-- Work to complete --
Below are some records. Return exactly the lines from the one with "Used 2022 Chevrolet" to the one with "TOYOTA PROBOX 2017", and nothing else.

-- Dataset records --

============================================================

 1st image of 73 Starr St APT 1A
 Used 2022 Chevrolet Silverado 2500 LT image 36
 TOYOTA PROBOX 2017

============================================================

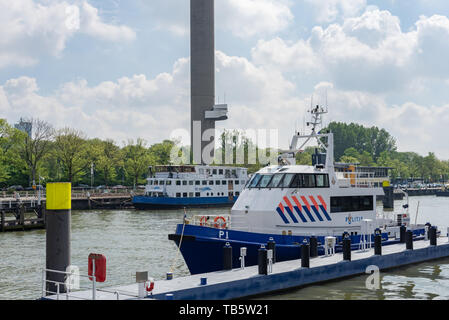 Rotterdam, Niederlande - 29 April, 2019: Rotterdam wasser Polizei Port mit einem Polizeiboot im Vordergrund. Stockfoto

============================================================

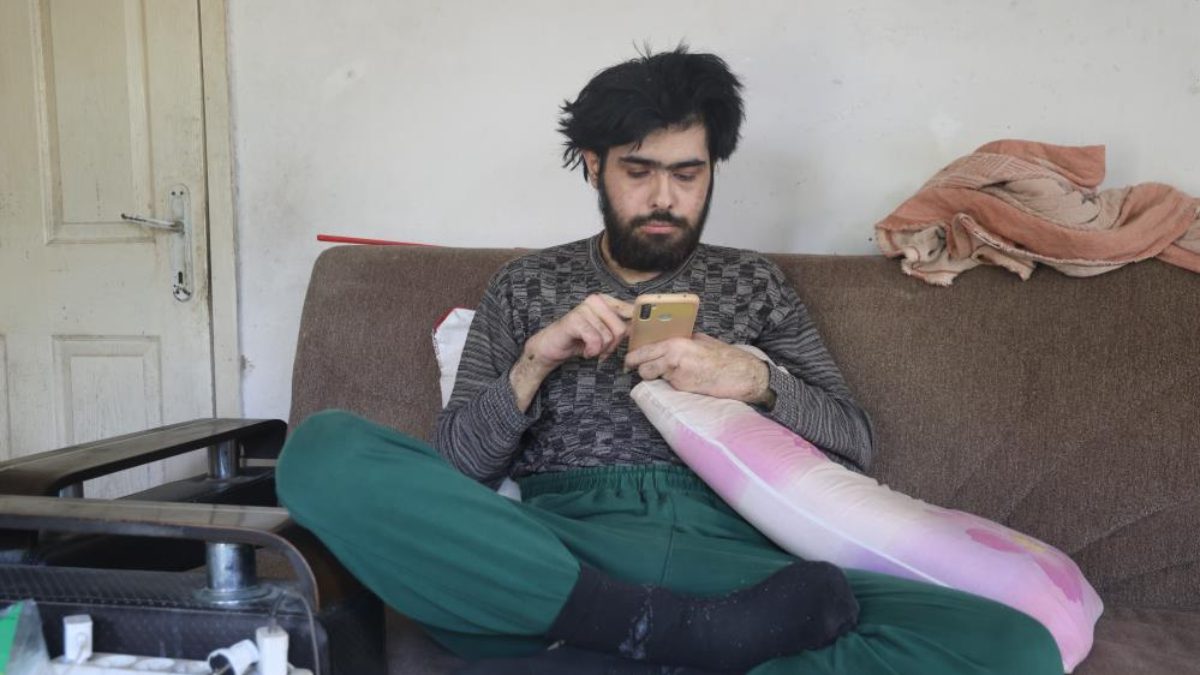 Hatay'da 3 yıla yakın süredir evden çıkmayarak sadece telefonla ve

============================================================

-- Task answer --
 Used 2022 Chevrolet Silverado 2500 LT image 36
 TOYOTA PROBOX 2017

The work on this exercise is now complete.